O local contaria com pistas de bicicleta e caminhada, cinco portarias, lanchonetes, pistas de skate e patins, áreas para ginástica, quadras de esporte cobertas e ao ar livre e campos de futebol, além de arena com arquibancada para shows. “É um projeto ousado, mas já temos um investidor interessado”, anunciou.

De acordo com Sérgio Motta, se o poder público ceder o espaço por um prazo de 99 anos, o investidor se compromete a iniciar os investimentos em 30 dias. “Com 150 dias, teríamos o parque já funcionando com algumas estruturas”, animou-se.

Infraestrutura

Elias Tergilene, da Fundação Doimo, fundadora da Rede "Uai Shopping", apresentou os planos da entidade para o parque. Conforme explicou, a área já funciona como um parque. “O que pretendemos fazer é colocar infraestrutura, com banheiros, bebedouros e outras estruturas”, disse.

O acesso ao parque seria feito por duas litorinas, que são vagões ferroviários a diesel, com condutores próprios, utilizados para excursões turísticas. Numa primeira fase, esse trem iria do Belvedere até o chamado Mercado de Origem, onde é produzida cerveja artesanal, no bairro Olhos D’água, polo gastrocervejeiro da Capital. Numa segunda etapa, desse ponto partiria um trem para o Museu Inhotim.

Berço do trem

Para Antônio Pastori, elaborador de Projetos de Mobilidade Urbana sobre Trilhos, a proposta do governo federal de colocar em leilão a área do parque é esdrúxula. Ele contrapôs a essa ideia o fato de que Minas Gerais é o berço do trem turístico, com quatro linhas funcionando: na Região Central, em Tiradentes/São João Del Rey e Ouro Preto/Mariana; no Sul de Minas, em Passa Quatro e São Lourenço.

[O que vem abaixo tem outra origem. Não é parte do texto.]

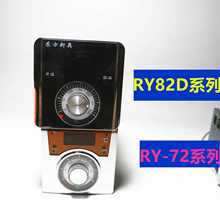 JB72-9001E���K�ؿر� RY-82D��ը偿�Cͨ�Üؿ��� �x��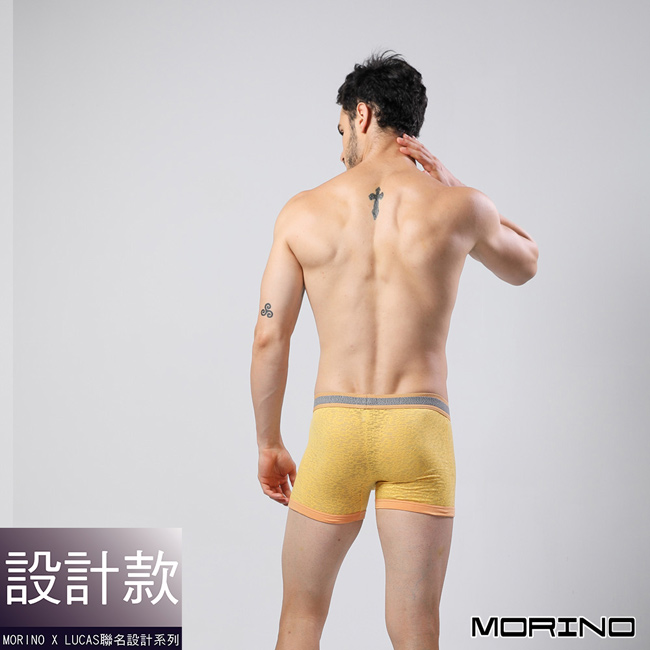 男內褲 設計師聯名-經典緹花平口褲黃(超值4入組)MORINOxLUCAS
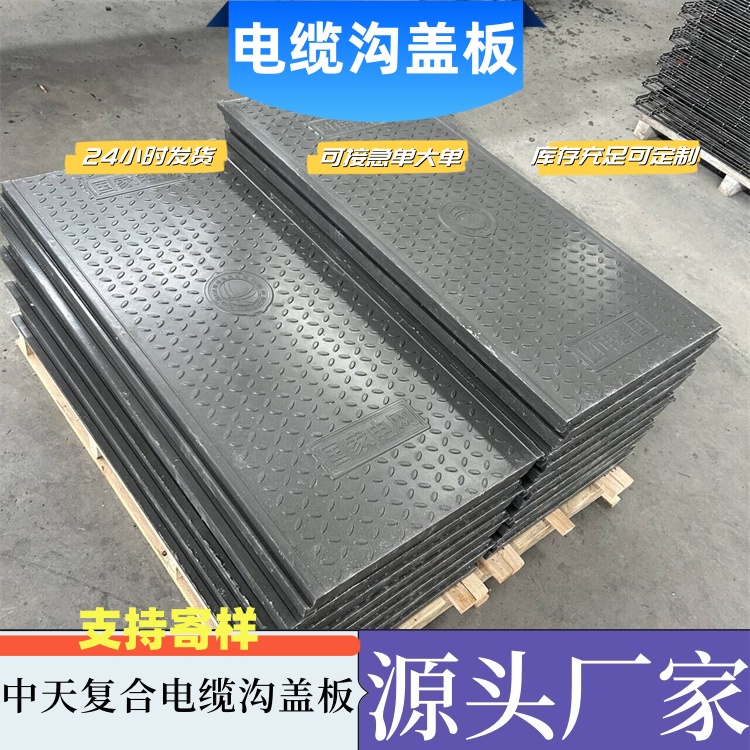 复合电力盖板 电缆沟盖板 绝缘阻燃 安装简单 不易生锈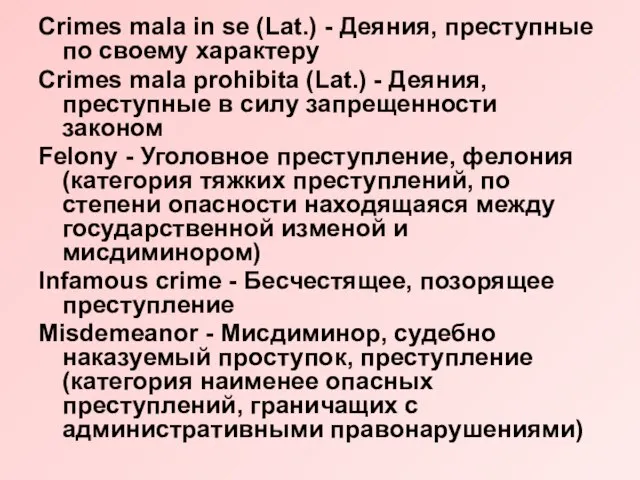 Crimes mala in se (Lat.) - Деяния, преступные по своему характеру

Há ainda vários projetos não finalizados, como em Lavras (Sul), de Viçosa a Cataguases (Zona da Mata) e Raposos (Central).

Na opinião de André Azevedo, da ONG Transporte e Ecologia em Movimento (Trem), “o Brasil é um País que anda para trás”, pois não faz sentido a discussão sobre aproveitar ou não uma ferrovia que já existe. “Essa linha férrea custou muito dinheiro e tem potencial para criar um novo atrativo turístico”, defendeu. Ele lembrou que, a partir das primeiras linhas, do Belvedere e do Inhotim, poderiam ser criadas novas, levando passageiros para Contagem, Betim, Ibirité e outras cidades da Região Metropolitana.

Crime

O leilão da área do parque é um crime bárbaro contra todos nós, mineiros”, criticou Ubirajara Bahia, analista técnico na Companhia Brasileira de Trens Urbanos (CBTU). Munido de mapas, ele explicou que a ferrovia no local vai facilitar a interligação da malha ferroviária de Belo Horizonte e Região Metropolitana com outra variante, vinda de Conselheiro Lafaiete (Região Central). Conforme disse, com a construção de uma linha de um quilômetros seria possível unir esses dois ramais, o que se transformaria numa alternativa ao Anel Rodoviário.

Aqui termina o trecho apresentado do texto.